My mother gave birth to me when she was an unmarried teenager. I grew up in a household with a grandfather and uncles who are alcoholics…. In spite of the fact that my mother never hit me, she caused a gaping wound that is difficult to heal. She is also an alcoholic and, even though she no longer drinks every day, she can hardly wait until five o’clock on Fridays so that she can start.

I left to live at some distance away in order to get away from all that caused me pain; but even now, when my family comes to visit, my mother comes with her beers and cigarettes. It bothers me a lot. Should I put all that behind me and seek… to live calmly and in peace, even though it means that I would be isolating myself from my mother’s family? With just my husband and children I feel good. Give me your advice, Linda. I know that you can understand me.

You are right; I do know exactly how you feel. Just thinking about it makes the emotions come back to me. You are torn between the desire to cleanse your life from such negative and destructive influences, and the desire to honor your mother as the Fifth Commandment teaches. You want a way to make the pain stop, but being with your mother and her family brings it all up again.

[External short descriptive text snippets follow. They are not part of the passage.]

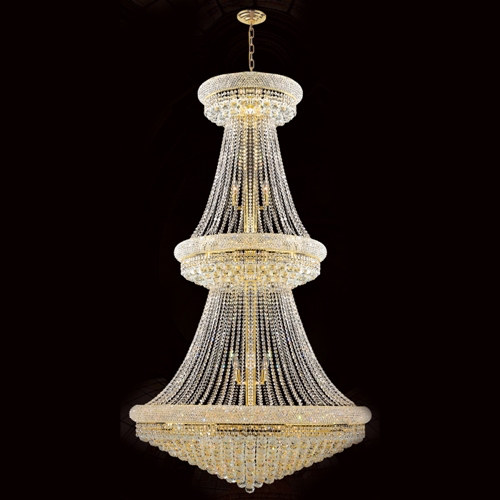 W83038g42 Empire Collection 38 Light Gold Finish With Clear Crystal Chandelier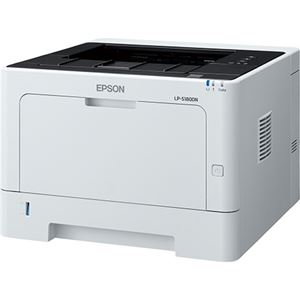 エプソン A4モノクロページプリンター/30PPM/両面印刷/ネットワーク/耐久性10万ページ LP-S180DN 商品写真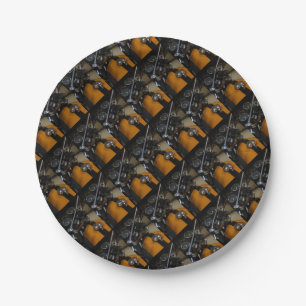 Motorbike Motorcycle Biker Rider Paper Plates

Honoring your mother means respecting her for whatever sacrifices she may have made during your growing up years. It means speaking to her kindly, especially when she is not under the influence of alcohol. And it means sending her a card or letter on special occasions. But it does not mean that you must spend time with her while she insists on drinking and smoking. It does not mean that you have to subject your husband and children to her behavior. And it does not mean that you have to let her continue to hurt you over and over again.

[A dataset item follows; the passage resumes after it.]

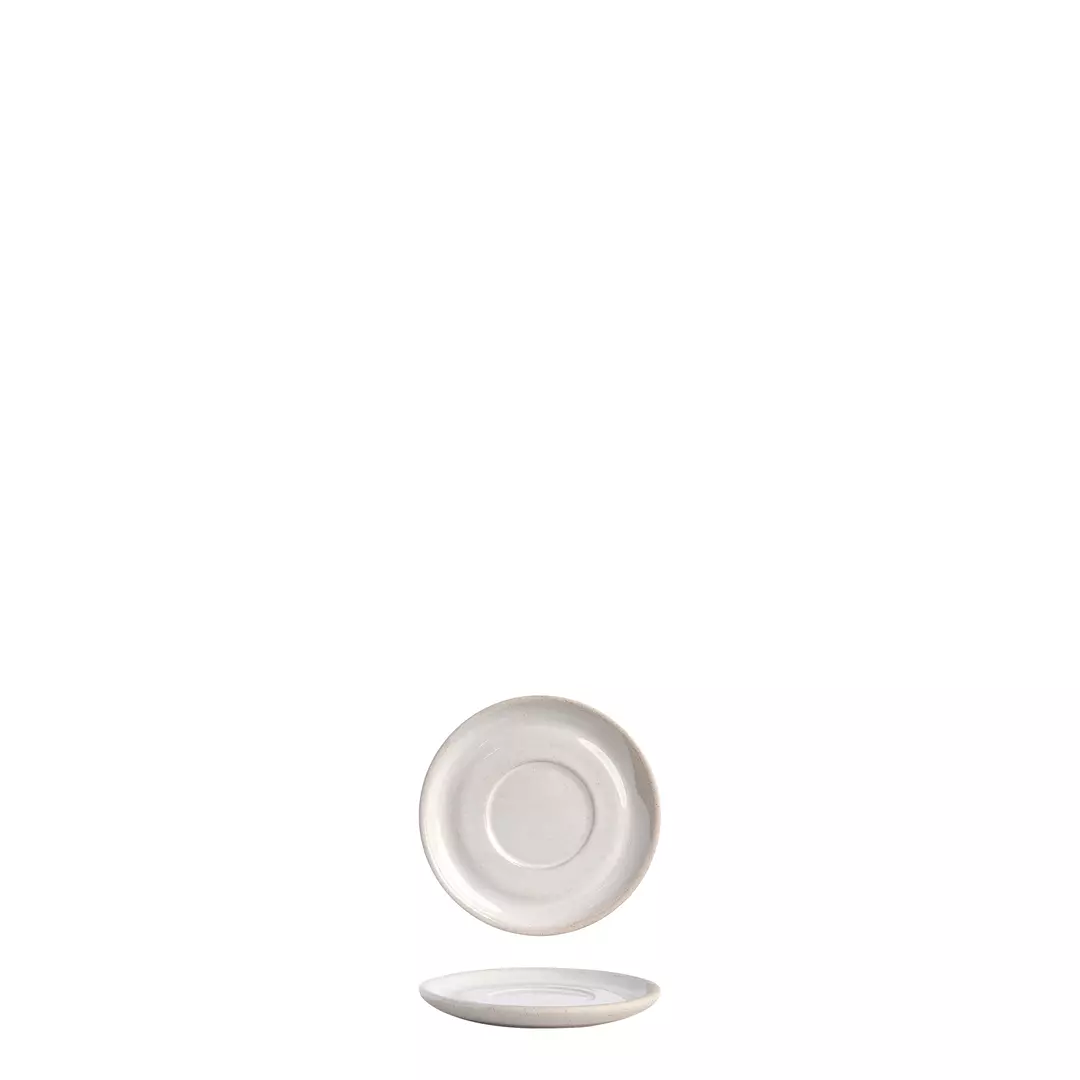 POTTR Gembrook White Espresso Saucer 122mm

Obviously if you could move far away it would be easier in many ways. But if that is not possible, then you must take control of when and where you will see and speak to your mother. Do not invite her to your home anymore, and if she asks to come, make a plan to be away from home during the time she wants to come. Do not go to see her unless it is during a time when you know that no one in the home will be drinking. Or meet her in a restaurant where alcohol is not served. But do call her at least twice a month, on evenings when she is not drinking, to keep in touch.

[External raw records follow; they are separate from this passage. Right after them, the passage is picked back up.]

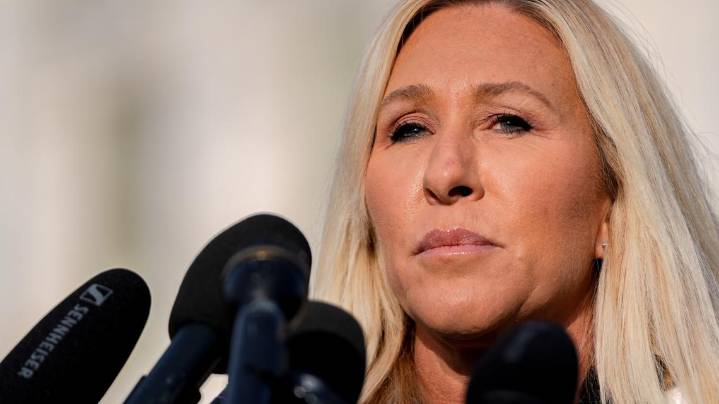 Trump reacts to Marjorie Taylor Greene's resignation announcement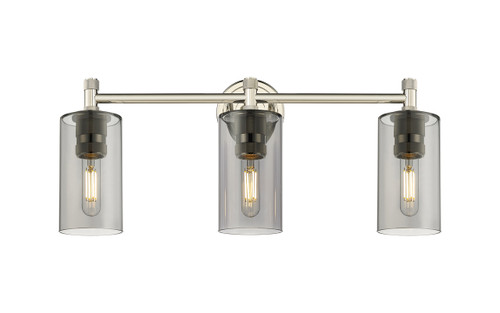 INNOVATIONS 434-3W-PN-G434-7SM Crown Point 3 23.875 inch Bath Vanity Light Polished Nickel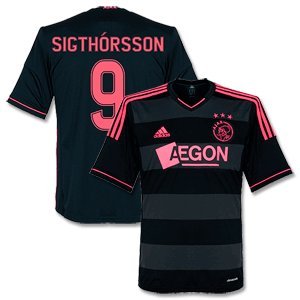 Ajax Away Jersey 2013 / 2014 + Sigthórsson 9 (Fan Style)-S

Holidays are always the worst when alcoholism is involved. You may need to arrange to go on trips during holidays, or make plans with friends or your husband’s relatives. If your mother tries to make a plan to see you on one of those occasions, tell her that you have already planned something else. She will be angry and may lash out at you. So expect her anger and unkind words along with her attempt to hurt you in retaliation. And expect her to manipulate you by trying to make you feel guilty. But build a wall around your emotional heart so that nothing she says can get through to you.

Finally, your mother will probably be so angry that she won’t contact you for a while. If that’s what she chooses, then take it as a nice period of peace and don’t feel guilty, for you will be doing the right thing for yourself and your family.